Hollywood is disappointing -- Look how long it has taken them to cast me as Diana Prince.

Rocketman said...

How id didnt know that your work with Dillinger is what made you a celebrity is beyond me. If you really wanna shake things up id suggest making your next "crossover" book about your work in pornography. Ha, i imagine that would be both thrilling and original!

Love the shout at Roth's blog for AMST and TR.

dance said...

This review is saying very much the same thing you say (I think), but lauding the movie for it. Might interest you.

Subtraction.com

Paris said...

One of my Latin teachers back in the day went on to be a consultant for Gladiator. Dunno if she was paid for it, but she had a brief interview in the NYT magazine where her summary reaction to the film was: "I hope it inspires people to go and find out what actually happened."
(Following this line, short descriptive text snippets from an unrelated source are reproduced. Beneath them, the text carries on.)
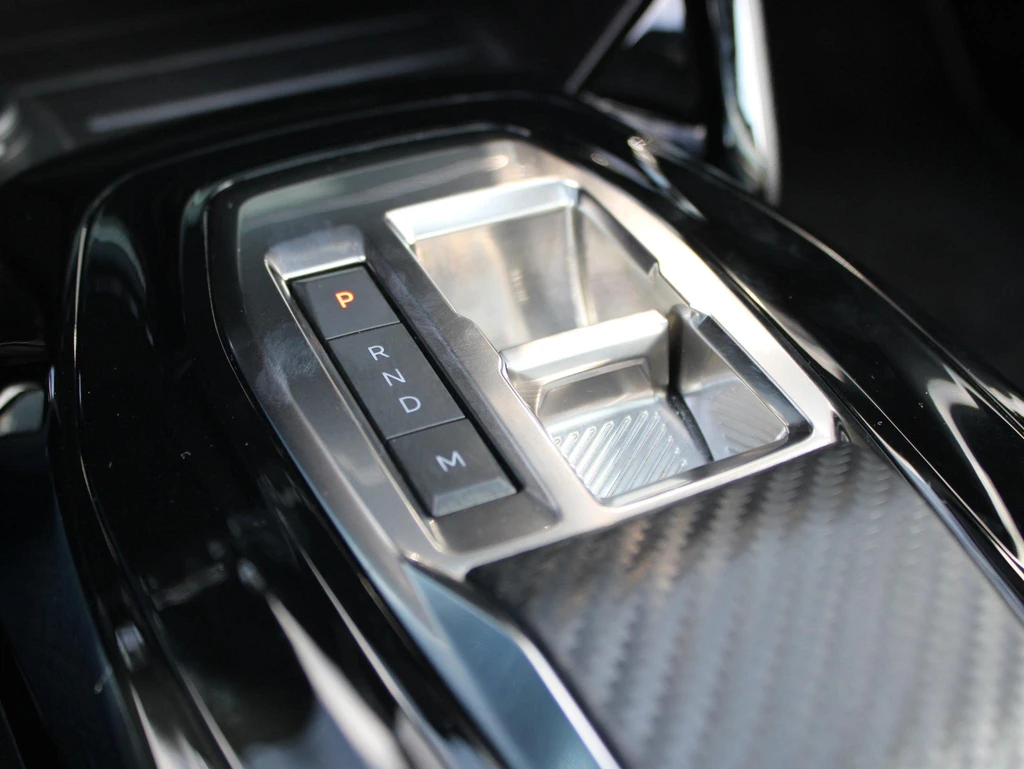 Peugeot 208 – foto 18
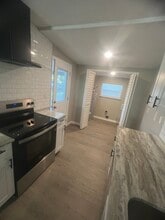 7205 Eudine Dr S in Jacksonville, FL - Foto de edificio - Building Photo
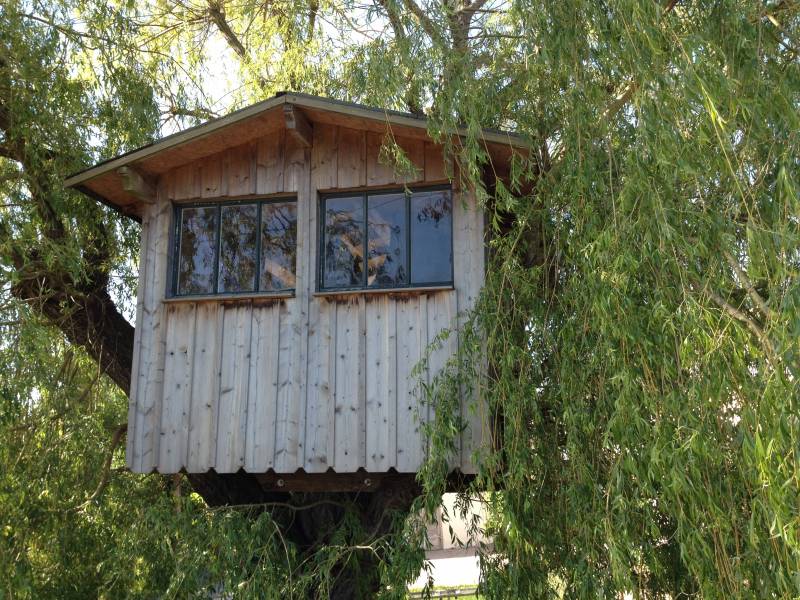 cabane perchée d'enfant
I think this probably a good blanket attitude towards Hollywood and history.

anthony grafton said...

There's a great piece by Robert Darnton on the difficulties involved in trying to write for the movies (and, indeed, for a wide public). It shows that even a superb writer (and Darnton creates wonderful, elegant, lively prose) can run into versions of the same sunken road that temporarily dished TR. I think it's in THE KISS OF LAMOURETTE.

Anonymous said...

To complain that a fictional script changes facts to make a film more dramatic is rather naive. Your other points are well taken.

And instead of ranting about "movie people", why not think about how a screenwriter functions? He or she isn't jotting down notes for the camera, he or she is creating a new work of art. Hard as it is for the general public to grasp, writers aren't always looking to "clean up".